### BRIEF
Quote, exactly, the line holding "Plåtskylt ca 30" and all lines after it to the end of the records below. Exclude pictures.

### DATA TO PROCESS
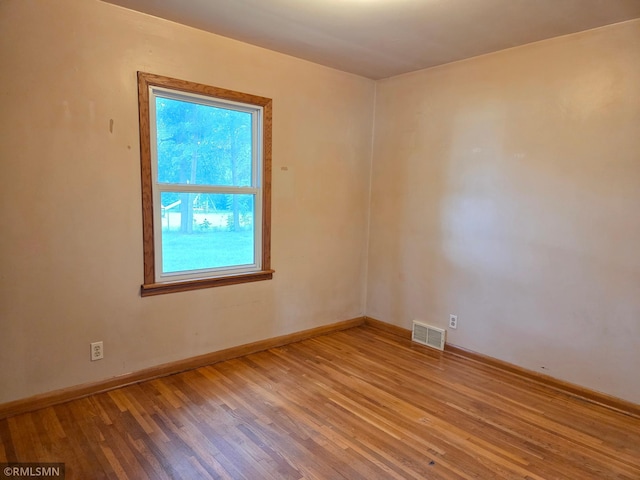 5607 Regent Ave N, Crystal, MN 55429 - photo 9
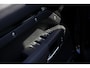 Land Rover Defender 110 P300e X-Dynamic SE | 6 Zitplaatsen Jump Seat | Black Exterior Pack | Panoramic sunroof | Head-up Display | Trekhaak |
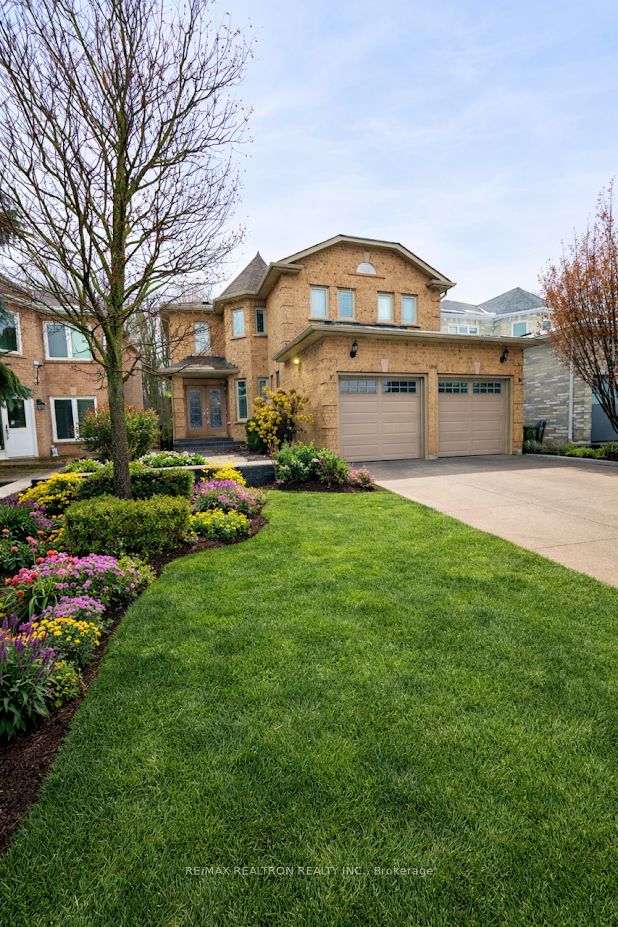 100 Larratt Lane, Richmond Hill, ON, L4C 0E3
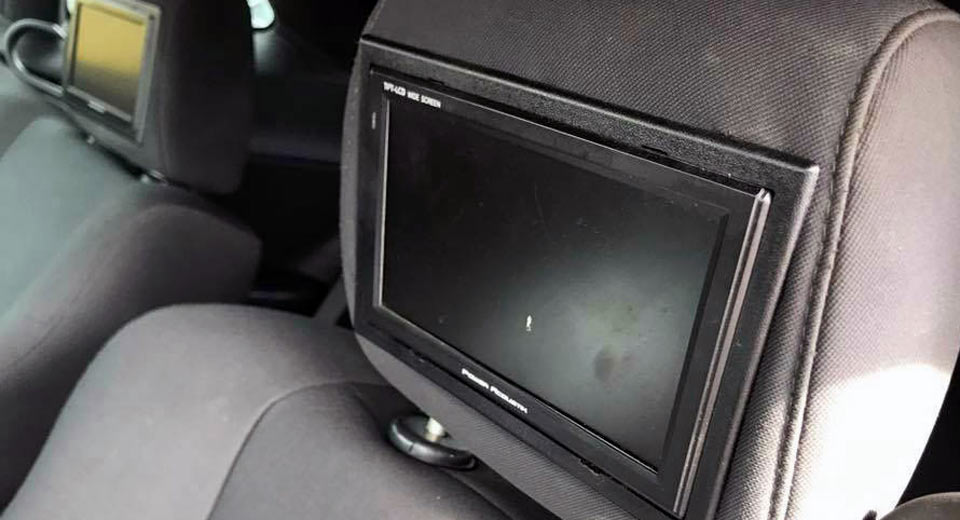 Challenged Dodge Owner Placed Front-Facing Screens On All Four Headrests
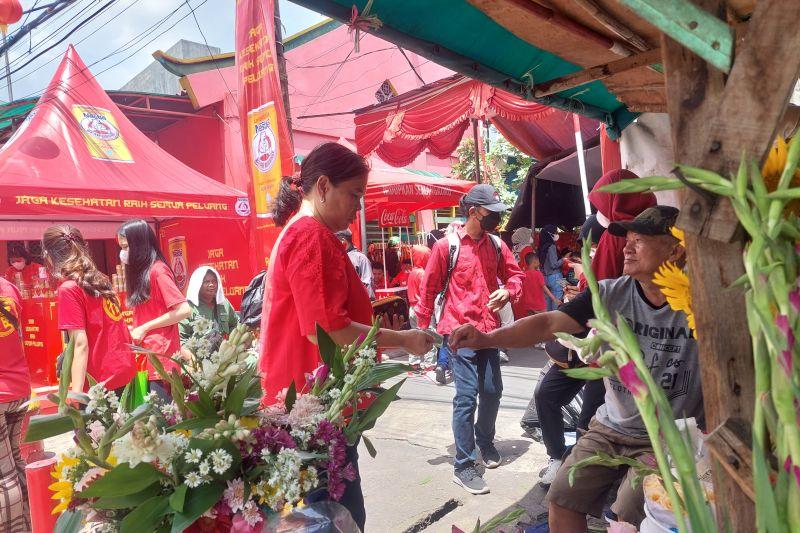 Siang Bolong, Vihara Dharma Bakti Petak Sembilan Mulai Dipadati Umat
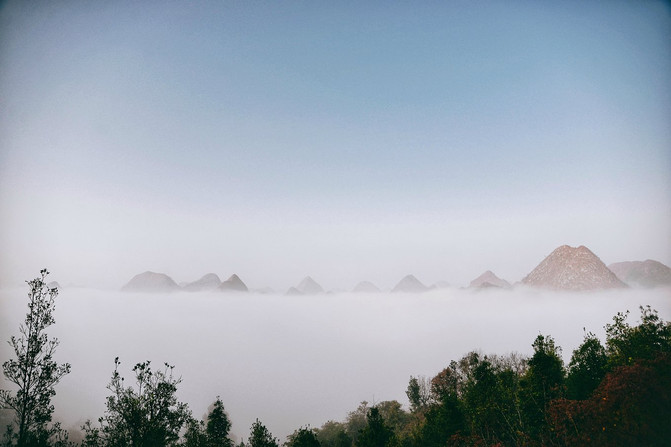 观天坑，游溶洞，桂西北最名不见经传的冷门旅行目的地——乐业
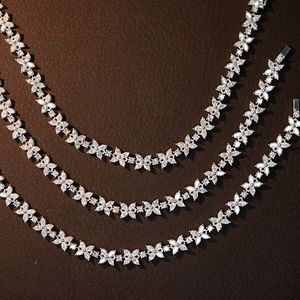 สร้อยข้อมือเพชรคุณภาพสูง 5.0 กะรัต รูปใบโคลเวอร์สี่แฉก ทองคำขาว 18K ไม่ลอก ไม่ดำ กันน้ำ ยี่ห้อซินฟลาย - Product Image 4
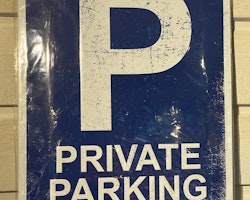 Plåtskylt ca 30 x 40 cm Motiv: P - Private Parking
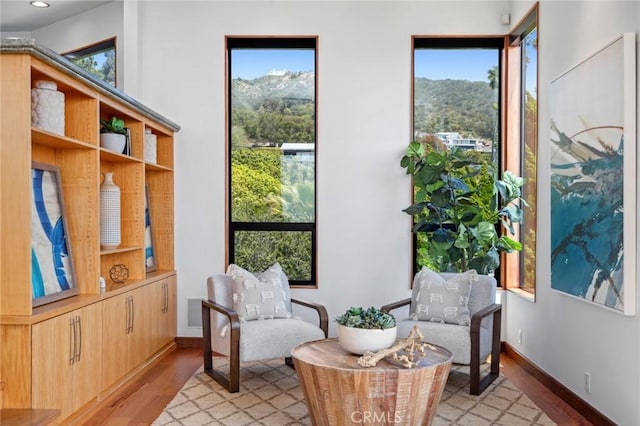 31532 Valido Rd, Laguna Beach, CA 92651 - living area featuring light wood-style floors and recessed lighting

### ANSWER TO THIS PROBLEM
 Plåtskylt ca 30 x 40 cm Motiv: P - Private Parking
 31532 Valido Rd, Laguna Beach, CA 92651 - living area featuring light wood-style floors and recessed lighting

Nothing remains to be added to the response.